The first part of Stewart Stevenson's question highlighted the point that Wendy Alexander made. Quite frankly, to try to score that kind of political point and to put that kind of hypothetical question does not do justice to what is a very serious situation, in which 1,000 people face job losses.

Given the very worrying circumstances, is there not a case for the Executive to reconsider its policy of dispersing civil service jobs away from the Lothian area?

Mr Wallace:

We know that dispersal announcements have been made already. As we have indicated in the past, although there is a presumption in favour of dispersal when specific trigger points are reached, dispersal is not automatic. Indeed, I think that I recall at least one announcement in the recent past in which jobs were secured in Edinburgh. Obviously, the economic circumstances of the areas concerned, including Edinburgh, are relevant factors that ministers take into account when considering relocation.

Robin Harper (Lothians) (Green):

I express my sympathy for the Standard Life employees who are to lose their jobs. My view is that mutuality delivers a high standard of service to a company's members.
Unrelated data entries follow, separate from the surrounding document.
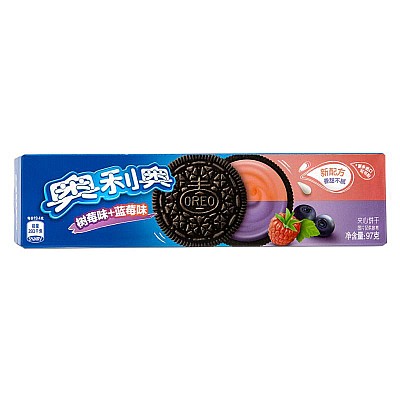 Piškoti s polnilom maline 97g - OREO 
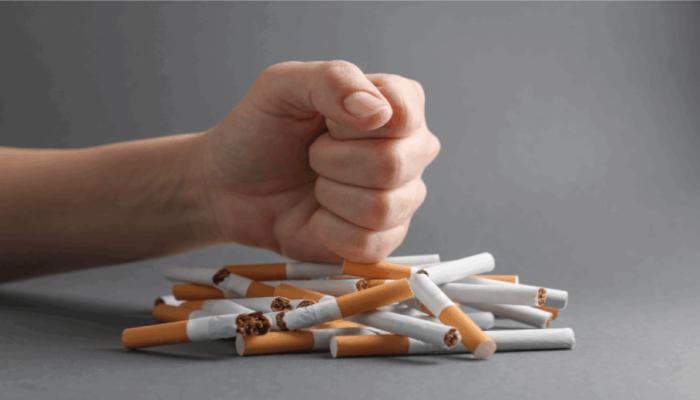 حظر التدخين في الأماكن المفتوحة في إسبانيا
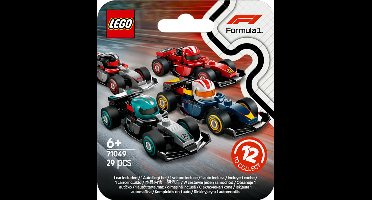 LEGO F1 raceauto collectibles, 1 van de 12 willekeurige raceauto's - 71049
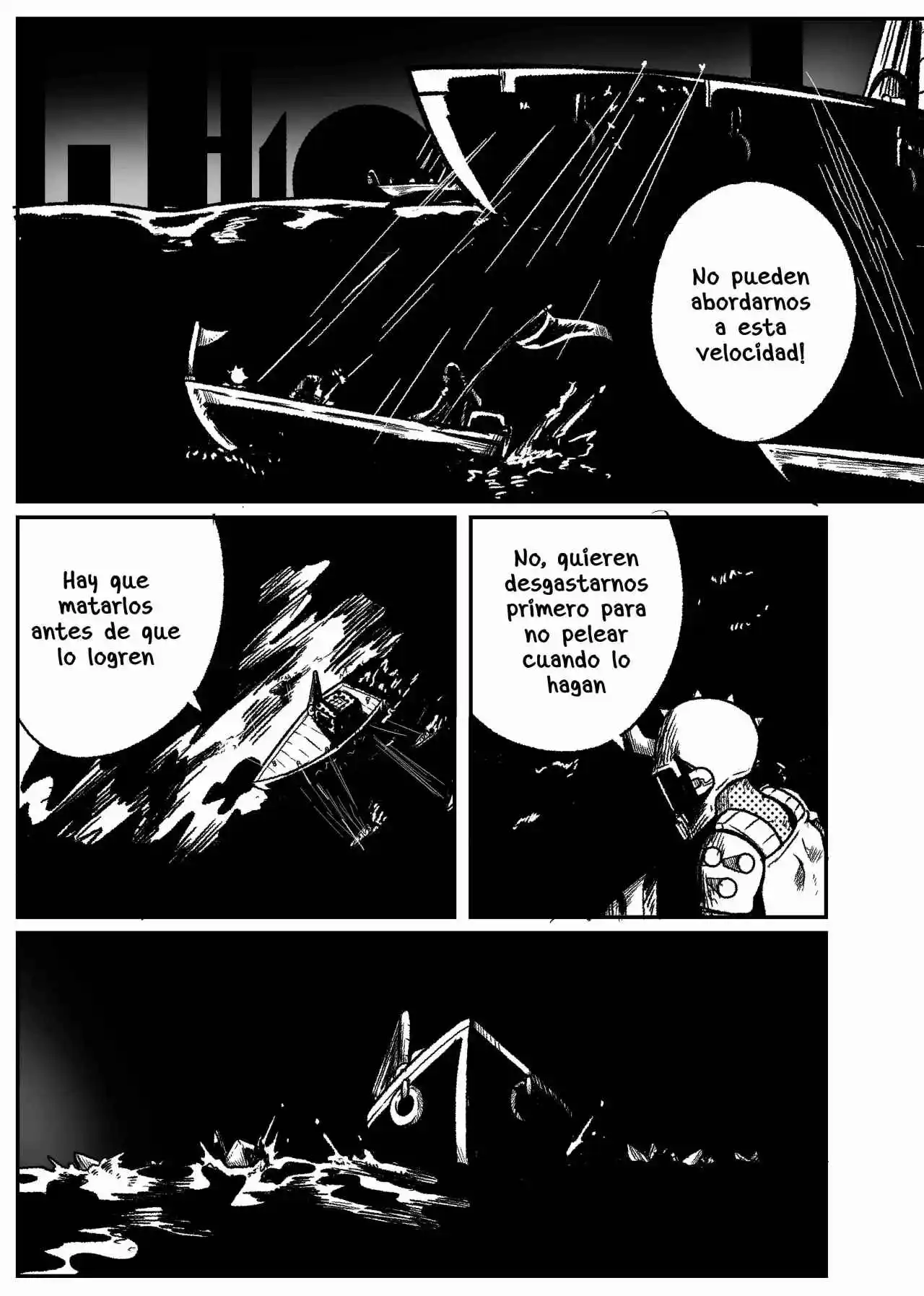 Space Juggernaut capítulo 107, página 4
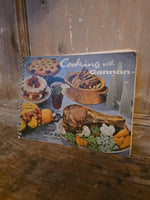 Load image into Gallery viewer, Vintage Cooking with Cannon Cookbook
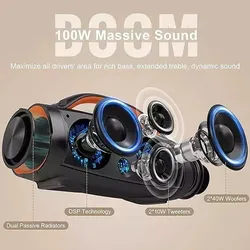 Bluetooth Speaker 100W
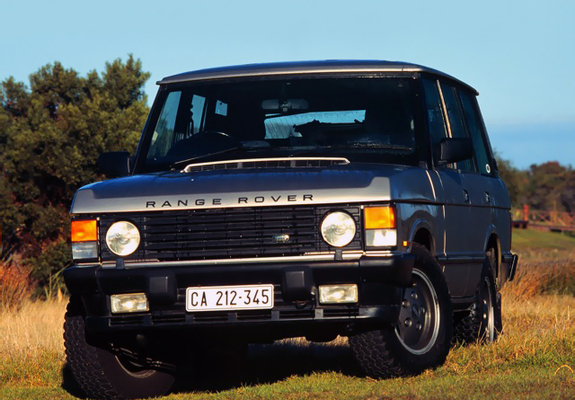 Images of Range Rover UK-spec 1986–96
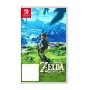 Nintendo The Legend of Zelda: Breath of the Wild standartinis leidimas (vokiečių, anglų, italų k.) Nintendo Switch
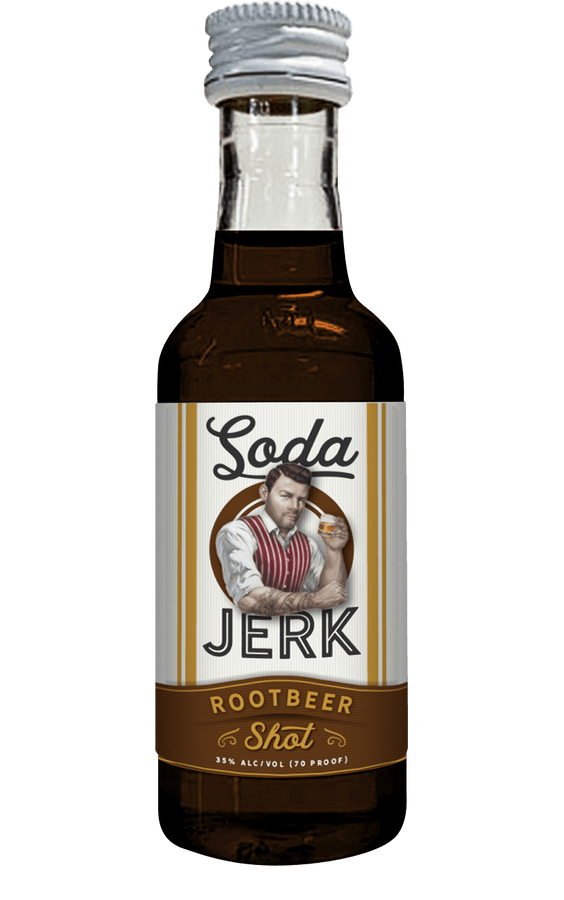 Soda Jerk Orange Cream Shot 50ml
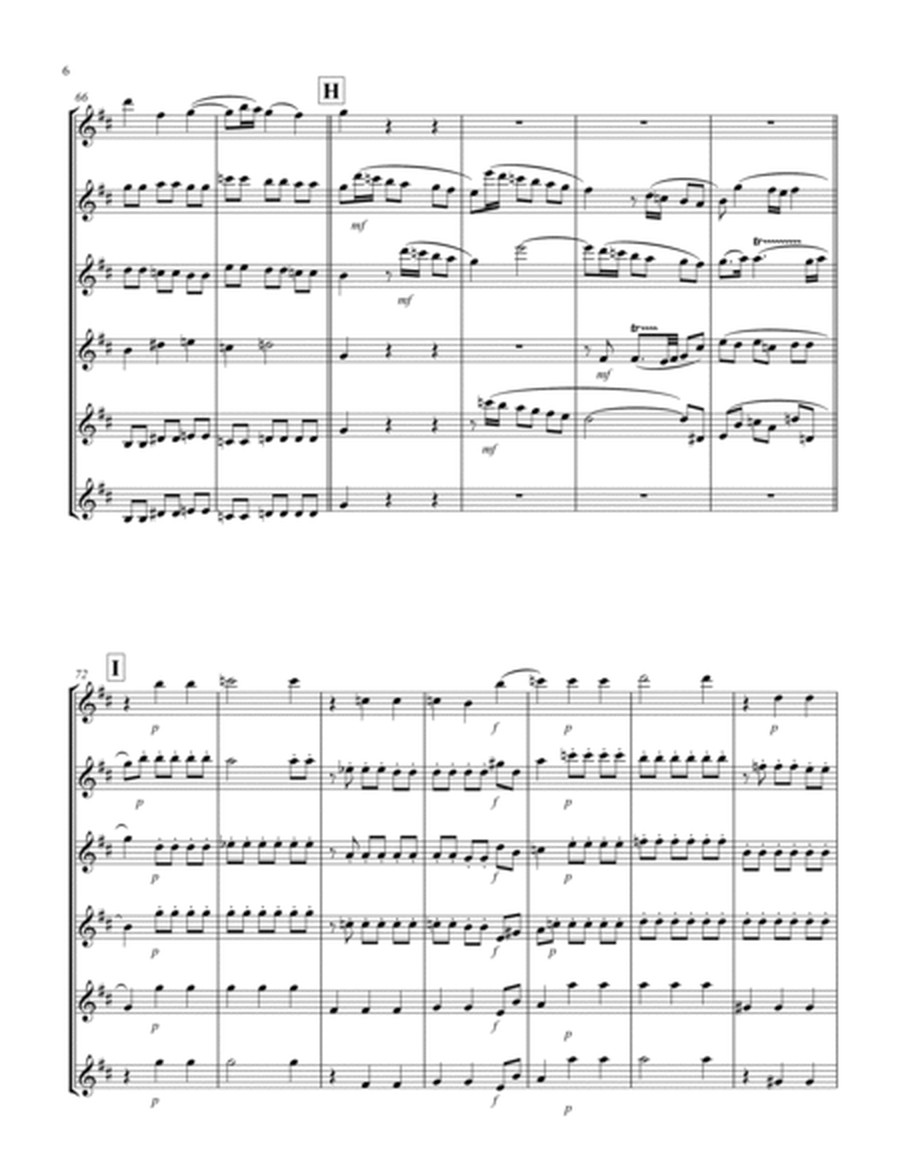 Recordare (from "Requiem") (F) (Saxophone Sextet - 5 Alto, 1 Bari)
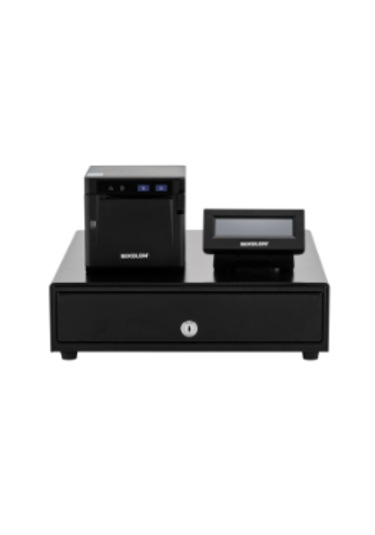Bixolon Srp-q300hk/tpr Termal Black Usb, Eth, 4 Lü Host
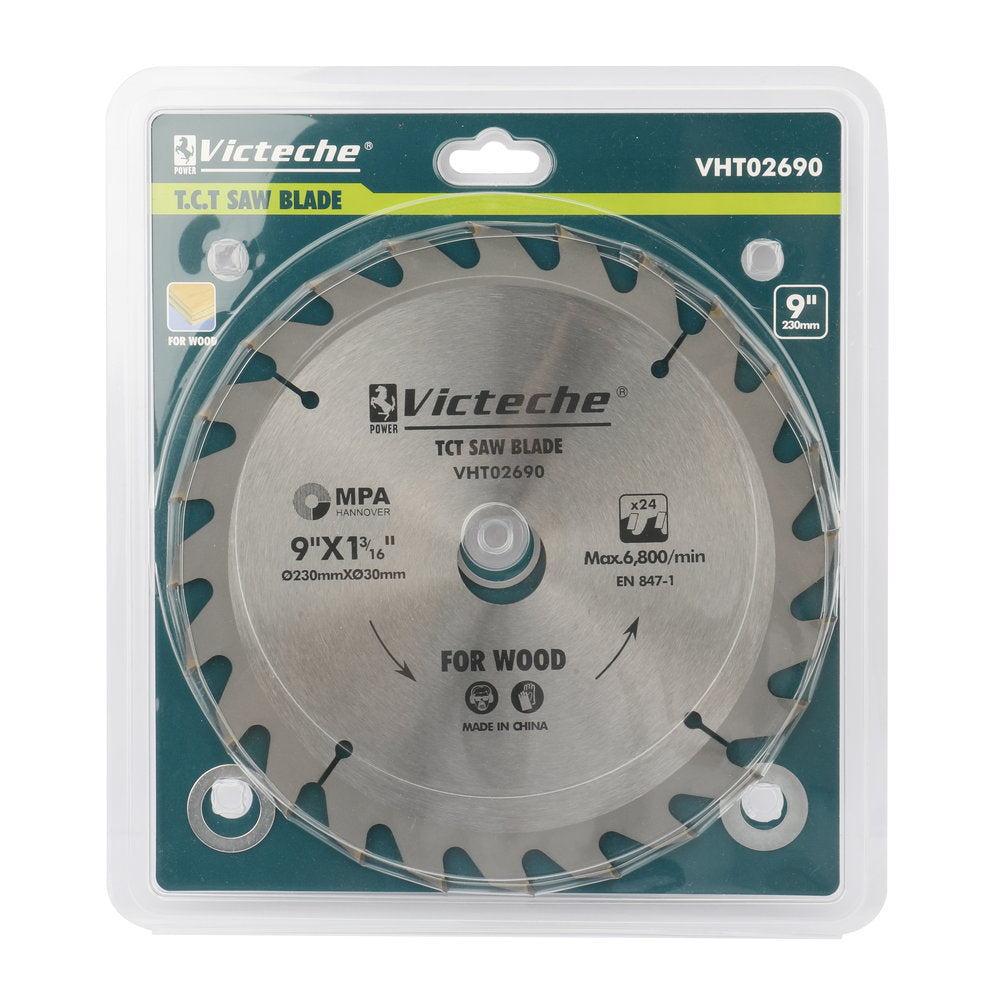 VHT02690 - VICTECHE SIERRA PARA MADERA 230X30MMX24D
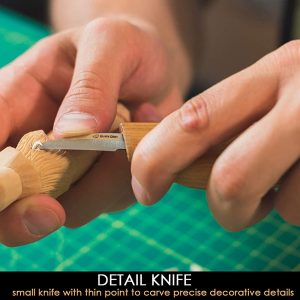 Σετ για ξυλογλυπτική 3 μαχαιριών / BeaverCraft S17 / 9 Σετ για ξυλογλυπτική 3 μαχαιριών / BeaverCraft S17 / 8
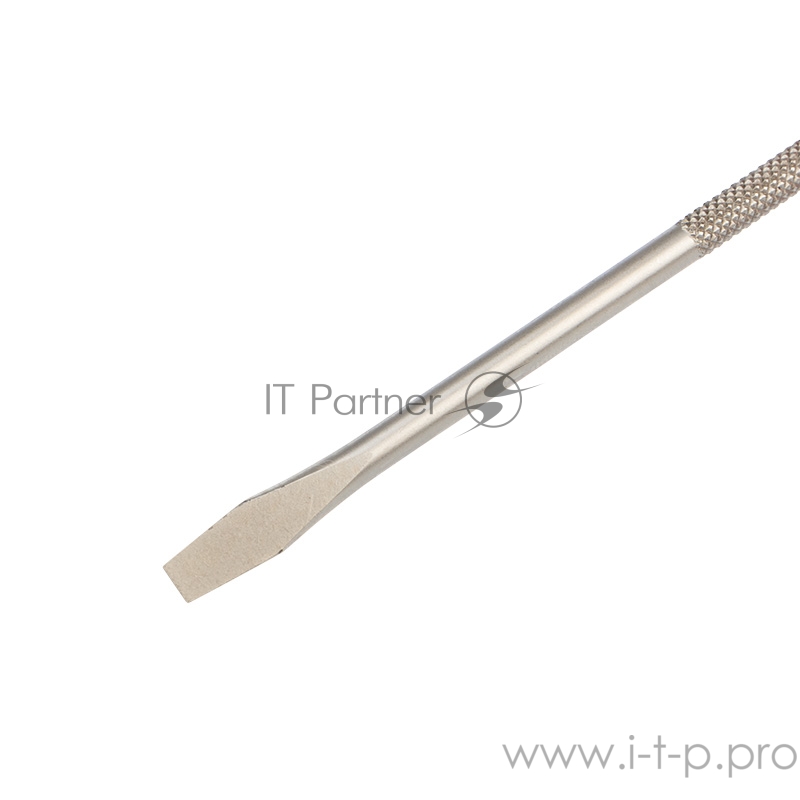 Отвертка шлицевая SL 5х100 мм, трехкомпонентная рукоятка, сталь S2 REXANT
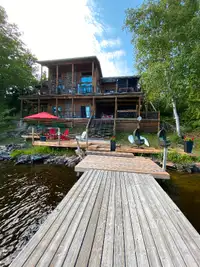 Muskoka Cottage For Rent on Beautiful Healey Lake! Pets Welcome!
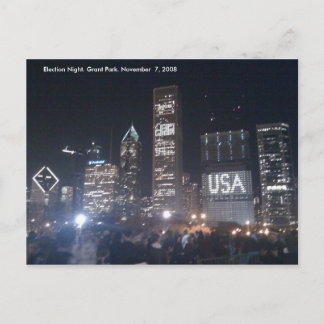 Het Park van de toelage. De Nacht van de Briefkaart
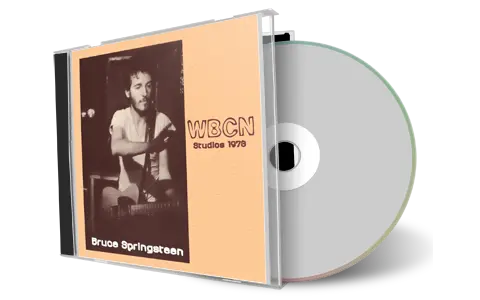 Artwork Cover of Bruce Springsteen 1973-01-10 CD Boston Soundboard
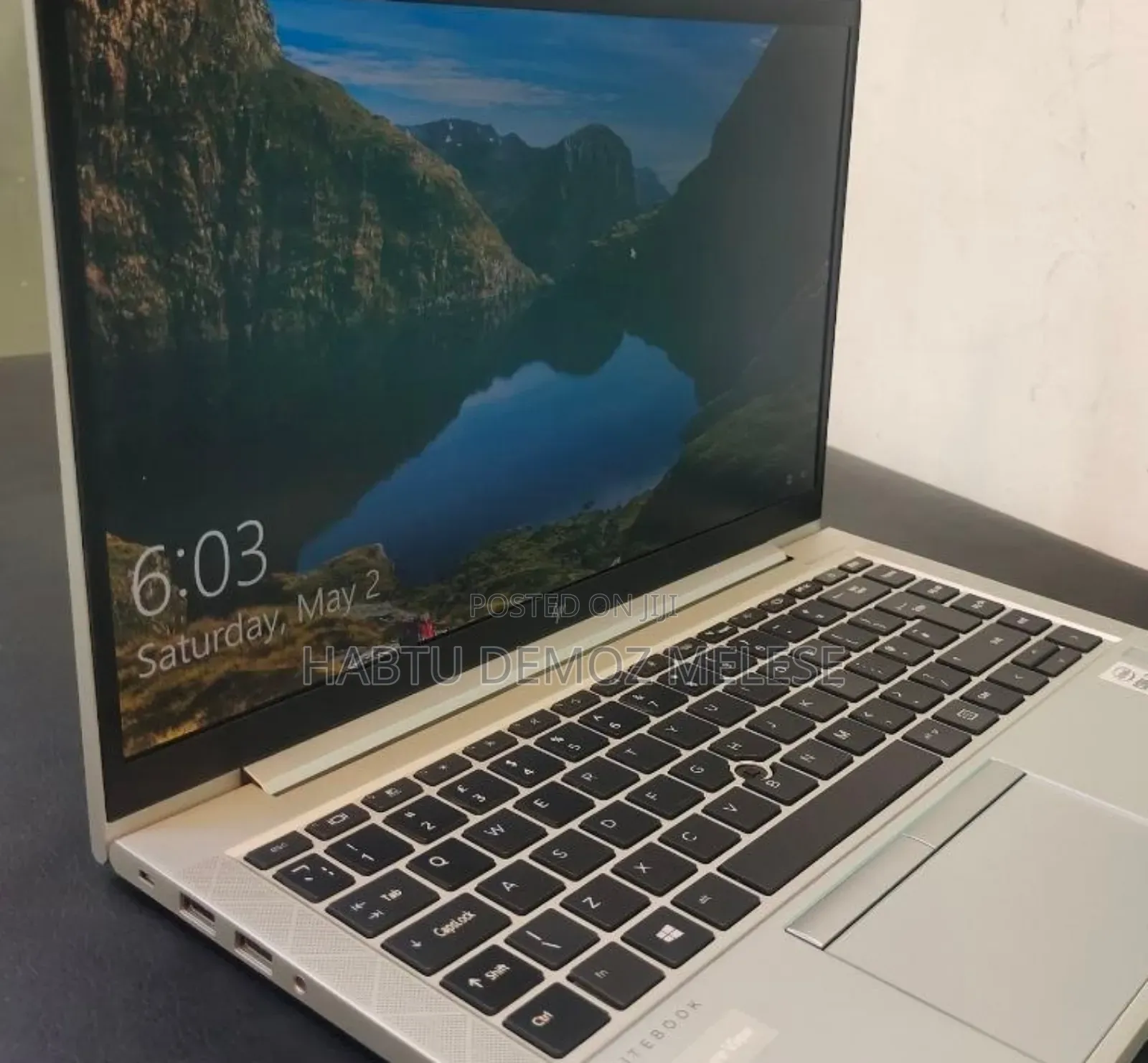 New Laptop HP EliteBook 840 G7 16GB Intel Core i7 SSD 512GB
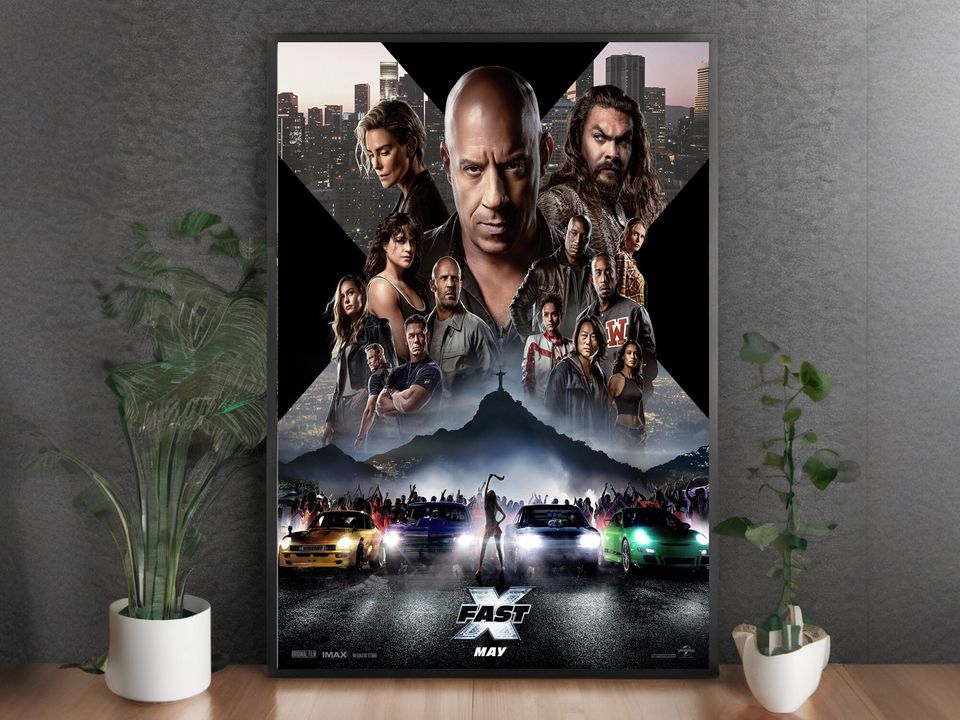 Fast X Movie posters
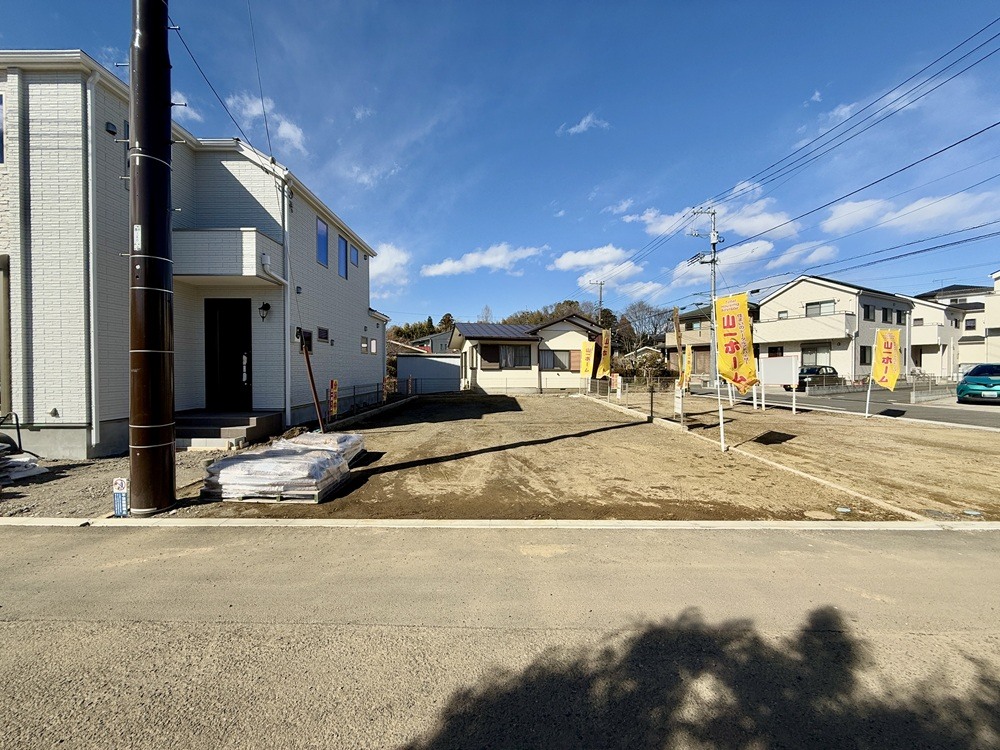 緑豊かで閑静な住宅街に、３６坪超の敷地をご用意。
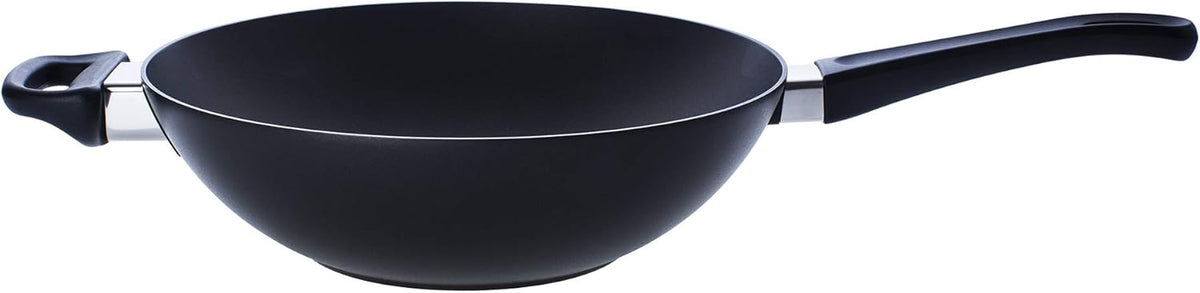 Black 12-1/2-Inch Wok U41475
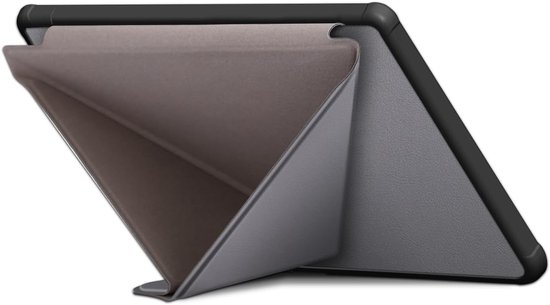1 magnetische e-bookhoes (grijs) Geschikt voor Kobo Libra H2O N873 — afbeelding 3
Will the minister join me in commending Standard Life for its commitment to the Edinburgh community? Its example is one that could be followed by many other businesses in the city.

Mr Wallace:

I join Robin Harper in commending the company for the range of ways in which it has contributed to the life of the city. As I said, even after the impact of the announcement is taken into account, several thousand Standard Life jobs will remain in Edinburgh. We want to ensure that those jobs prosper.